Why I Love the Campaign: Like many fast food brands, Popeye’s' voice on Twitter is unique, relatable and endlessly funny. Curt and clever responses to other brands’ boastful chicken sandwich tweets remind me of classic battle rap in hip hop: Competitors are audience-judged, winning applause for the most scathing one-liners.
Impacts of the Campaign on business/culture/politics/etc.: Well, it worked! It’s impossible to deny the social media ROI on this one—RBI announced Popeye’s sales were up 34 percent. This particular campaign was simple and straightforward–“Our sandwich is good, we know it, and you should eat it.” It didn’t try to find a brand purpose angle or layer in “wokewashing,” something that has tripped up other brands in key campaigns.
On that note, I love that Popeye’s knows where purpose-driven marketing belongs, and where it doesn’t. Its latest campaign, “That Look from Popeye’s,” is subtly changing the conversation around the food service industry. They’re turning a stigma against food service workers on its head by making office uniforms high fashion, while spotlighting employees. But this new campaign is not trying to be something it’s not. “That Look” is not (at least directly) trying to sell sandwiches. It’s introduced a playful element with more serious undertones, all while avoiding being preachy. And all proceeds are going to its Foundation.
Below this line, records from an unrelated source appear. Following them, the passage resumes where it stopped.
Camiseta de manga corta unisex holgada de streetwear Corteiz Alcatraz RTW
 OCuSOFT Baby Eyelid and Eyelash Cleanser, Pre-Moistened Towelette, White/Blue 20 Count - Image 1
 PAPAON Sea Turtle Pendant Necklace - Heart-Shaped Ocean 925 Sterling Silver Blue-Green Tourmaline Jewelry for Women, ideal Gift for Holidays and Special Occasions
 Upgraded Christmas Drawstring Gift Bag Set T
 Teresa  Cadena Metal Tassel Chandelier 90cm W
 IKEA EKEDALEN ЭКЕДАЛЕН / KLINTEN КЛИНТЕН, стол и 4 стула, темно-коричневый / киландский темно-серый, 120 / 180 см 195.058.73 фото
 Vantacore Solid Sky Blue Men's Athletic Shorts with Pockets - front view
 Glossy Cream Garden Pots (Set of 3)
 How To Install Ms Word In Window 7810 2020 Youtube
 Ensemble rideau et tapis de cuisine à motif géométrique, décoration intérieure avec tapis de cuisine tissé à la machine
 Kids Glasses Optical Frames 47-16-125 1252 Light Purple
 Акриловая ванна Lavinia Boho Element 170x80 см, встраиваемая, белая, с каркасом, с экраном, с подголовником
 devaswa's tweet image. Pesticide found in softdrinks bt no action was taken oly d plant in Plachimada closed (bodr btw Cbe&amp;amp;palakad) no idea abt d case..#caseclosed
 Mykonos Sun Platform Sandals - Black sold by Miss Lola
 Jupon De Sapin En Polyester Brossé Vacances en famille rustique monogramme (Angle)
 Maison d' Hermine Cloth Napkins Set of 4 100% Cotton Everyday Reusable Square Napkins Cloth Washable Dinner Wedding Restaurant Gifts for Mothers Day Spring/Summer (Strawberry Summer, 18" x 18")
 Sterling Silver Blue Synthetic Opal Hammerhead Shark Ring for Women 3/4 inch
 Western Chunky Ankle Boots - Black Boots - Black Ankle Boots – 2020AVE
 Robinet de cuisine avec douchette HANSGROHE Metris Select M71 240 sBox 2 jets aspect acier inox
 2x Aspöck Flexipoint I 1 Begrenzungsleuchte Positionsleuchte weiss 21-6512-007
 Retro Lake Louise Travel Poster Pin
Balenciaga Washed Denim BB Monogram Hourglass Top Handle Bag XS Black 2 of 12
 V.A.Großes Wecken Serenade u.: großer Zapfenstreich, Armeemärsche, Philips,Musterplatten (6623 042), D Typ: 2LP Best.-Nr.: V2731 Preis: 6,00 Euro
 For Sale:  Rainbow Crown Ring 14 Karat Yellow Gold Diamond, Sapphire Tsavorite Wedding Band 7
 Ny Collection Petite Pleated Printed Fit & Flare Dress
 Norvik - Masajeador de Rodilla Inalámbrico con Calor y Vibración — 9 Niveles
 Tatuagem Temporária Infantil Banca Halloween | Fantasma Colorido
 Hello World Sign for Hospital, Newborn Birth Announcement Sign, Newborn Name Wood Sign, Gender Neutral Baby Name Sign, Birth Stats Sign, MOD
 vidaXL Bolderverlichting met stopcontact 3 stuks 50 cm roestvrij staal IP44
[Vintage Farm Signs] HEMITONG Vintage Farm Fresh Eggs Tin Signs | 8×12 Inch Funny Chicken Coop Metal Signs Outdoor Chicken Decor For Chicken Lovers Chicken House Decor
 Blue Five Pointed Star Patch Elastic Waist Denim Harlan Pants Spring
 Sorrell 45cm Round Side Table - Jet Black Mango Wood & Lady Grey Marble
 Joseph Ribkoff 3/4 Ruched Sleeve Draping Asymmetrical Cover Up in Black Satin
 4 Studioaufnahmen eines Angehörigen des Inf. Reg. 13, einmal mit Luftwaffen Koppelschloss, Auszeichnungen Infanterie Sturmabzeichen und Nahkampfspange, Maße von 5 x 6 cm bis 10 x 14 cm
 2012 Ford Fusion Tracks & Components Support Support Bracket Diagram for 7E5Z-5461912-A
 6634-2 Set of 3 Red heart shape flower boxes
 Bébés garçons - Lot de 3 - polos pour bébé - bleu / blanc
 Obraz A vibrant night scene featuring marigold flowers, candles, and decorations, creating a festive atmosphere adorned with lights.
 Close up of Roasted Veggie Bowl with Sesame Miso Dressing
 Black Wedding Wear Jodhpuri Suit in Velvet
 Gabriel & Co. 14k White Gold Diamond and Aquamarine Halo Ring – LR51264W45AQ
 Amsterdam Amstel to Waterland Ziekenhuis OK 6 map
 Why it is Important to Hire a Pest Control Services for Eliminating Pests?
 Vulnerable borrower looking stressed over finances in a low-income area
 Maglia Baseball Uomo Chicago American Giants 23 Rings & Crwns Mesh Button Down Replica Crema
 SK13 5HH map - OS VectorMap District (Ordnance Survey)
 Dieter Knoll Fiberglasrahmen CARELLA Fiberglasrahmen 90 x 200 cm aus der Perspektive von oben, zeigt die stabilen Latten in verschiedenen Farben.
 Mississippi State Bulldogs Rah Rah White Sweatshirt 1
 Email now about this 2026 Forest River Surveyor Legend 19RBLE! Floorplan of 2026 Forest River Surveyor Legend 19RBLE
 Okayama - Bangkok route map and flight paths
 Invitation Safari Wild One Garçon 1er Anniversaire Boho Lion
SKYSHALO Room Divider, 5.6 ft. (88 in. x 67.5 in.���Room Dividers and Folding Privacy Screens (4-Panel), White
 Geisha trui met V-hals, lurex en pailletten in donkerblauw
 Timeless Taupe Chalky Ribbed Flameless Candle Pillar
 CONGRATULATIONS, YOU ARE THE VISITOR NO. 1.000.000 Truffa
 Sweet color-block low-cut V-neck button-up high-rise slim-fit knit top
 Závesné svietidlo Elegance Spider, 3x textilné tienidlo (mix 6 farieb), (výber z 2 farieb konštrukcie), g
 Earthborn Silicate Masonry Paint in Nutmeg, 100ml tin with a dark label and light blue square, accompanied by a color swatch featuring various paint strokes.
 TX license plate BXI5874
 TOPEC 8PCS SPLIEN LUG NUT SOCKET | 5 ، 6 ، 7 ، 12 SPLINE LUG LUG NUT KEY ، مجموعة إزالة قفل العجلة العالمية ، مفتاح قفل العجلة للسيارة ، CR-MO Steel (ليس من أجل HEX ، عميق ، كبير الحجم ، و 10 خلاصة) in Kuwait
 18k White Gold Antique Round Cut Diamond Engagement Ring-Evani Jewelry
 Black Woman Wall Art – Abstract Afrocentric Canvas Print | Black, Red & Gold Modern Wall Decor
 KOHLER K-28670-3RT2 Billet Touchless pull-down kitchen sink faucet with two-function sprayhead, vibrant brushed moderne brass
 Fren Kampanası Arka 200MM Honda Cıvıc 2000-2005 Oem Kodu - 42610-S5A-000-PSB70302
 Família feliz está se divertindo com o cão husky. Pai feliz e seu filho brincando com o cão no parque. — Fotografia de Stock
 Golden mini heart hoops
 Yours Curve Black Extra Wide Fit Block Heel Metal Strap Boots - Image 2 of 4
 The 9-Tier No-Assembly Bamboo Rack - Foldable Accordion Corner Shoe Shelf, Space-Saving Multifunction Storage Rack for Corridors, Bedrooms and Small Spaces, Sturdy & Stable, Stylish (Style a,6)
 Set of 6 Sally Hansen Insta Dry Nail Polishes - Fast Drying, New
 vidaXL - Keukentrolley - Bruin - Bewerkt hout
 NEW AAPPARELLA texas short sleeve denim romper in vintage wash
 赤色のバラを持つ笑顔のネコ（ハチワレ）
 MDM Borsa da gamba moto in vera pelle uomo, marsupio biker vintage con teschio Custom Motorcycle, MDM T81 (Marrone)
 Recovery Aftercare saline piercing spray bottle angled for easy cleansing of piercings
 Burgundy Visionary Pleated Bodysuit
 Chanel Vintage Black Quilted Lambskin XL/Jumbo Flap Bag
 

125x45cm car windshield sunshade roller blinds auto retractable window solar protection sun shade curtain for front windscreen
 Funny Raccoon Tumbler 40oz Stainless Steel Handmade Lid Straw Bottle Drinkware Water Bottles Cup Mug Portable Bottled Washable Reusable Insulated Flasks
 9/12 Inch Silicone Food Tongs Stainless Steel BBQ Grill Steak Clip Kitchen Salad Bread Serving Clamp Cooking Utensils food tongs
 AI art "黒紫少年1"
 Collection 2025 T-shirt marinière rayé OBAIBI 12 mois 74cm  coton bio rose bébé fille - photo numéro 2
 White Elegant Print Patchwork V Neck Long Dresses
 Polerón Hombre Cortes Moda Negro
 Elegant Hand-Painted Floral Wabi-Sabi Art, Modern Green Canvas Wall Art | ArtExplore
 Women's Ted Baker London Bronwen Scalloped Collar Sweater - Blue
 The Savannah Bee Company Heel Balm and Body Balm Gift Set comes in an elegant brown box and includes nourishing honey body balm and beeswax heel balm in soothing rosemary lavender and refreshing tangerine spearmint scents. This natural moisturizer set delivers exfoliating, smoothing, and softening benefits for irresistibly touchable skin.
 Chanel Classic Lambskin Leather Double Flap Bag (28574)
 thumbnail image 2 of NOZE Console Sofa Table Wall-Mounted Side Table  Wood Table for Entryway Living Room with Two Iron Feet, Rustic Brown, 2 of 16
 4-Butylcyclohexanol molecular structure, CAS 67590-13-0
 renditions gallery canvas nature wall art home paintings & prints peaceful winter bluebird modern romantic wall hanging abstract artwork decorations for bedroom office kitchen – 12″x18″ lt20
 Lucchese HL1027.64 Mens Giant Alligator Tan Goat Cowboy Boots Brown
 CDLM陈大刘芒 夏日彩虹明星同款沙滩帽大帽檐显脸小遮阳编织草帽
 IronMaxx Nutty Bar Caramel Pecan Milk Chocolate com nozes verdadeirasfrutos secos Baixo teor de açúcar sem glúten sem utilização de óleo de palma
Nicole Schuman, Content Manager/Reporter
Campaign: “It’s a Cheetos Thing”
Brand: Frito-Lay (Cheetos Popcorn)
Format: video (Super Bowl TV spot)
About the Campaign: Cheetos, which hasn’t delivered a Super Bowl ad since 2009, came back with not just a new product, but a real blast-from-the-past spokesperson as well. Cheetos teased a new product with 1990s megastar rapper MC Hammer, releasing a curiosity-peaking video encouraging viewers to tune into the Super Bowl to find out more. We find MC Hammer at his keyboard, 30 years prior, humming a familiar tune: “U Can’t Touch This.” Cheetos helps him to find that familiar lyric line, as his cheesy fingers (known as Cheetle) hover above the keys.
Why I Love the Campaign: Growing up during the 1990s, this not only invokes nostalgia, but it was just SO FUNNY. I think I watched it 10 times in a row upon discovery. In a volatile world where we are surrounded by tough news and struggles, it was nice to take a break and relieve a beat that brought me back to funky, colorful sweaters, harem pants, fades and chunky chains. It was just nice to smile! And the delivery of the copy was spot on, and cleverly executed. It drove me to sit in front of the TV on Super Bowl Sunday and wait for the next part of the story. And who hasn’t felt the pain, but also the convenience of Cheetos fingers? Very relatable.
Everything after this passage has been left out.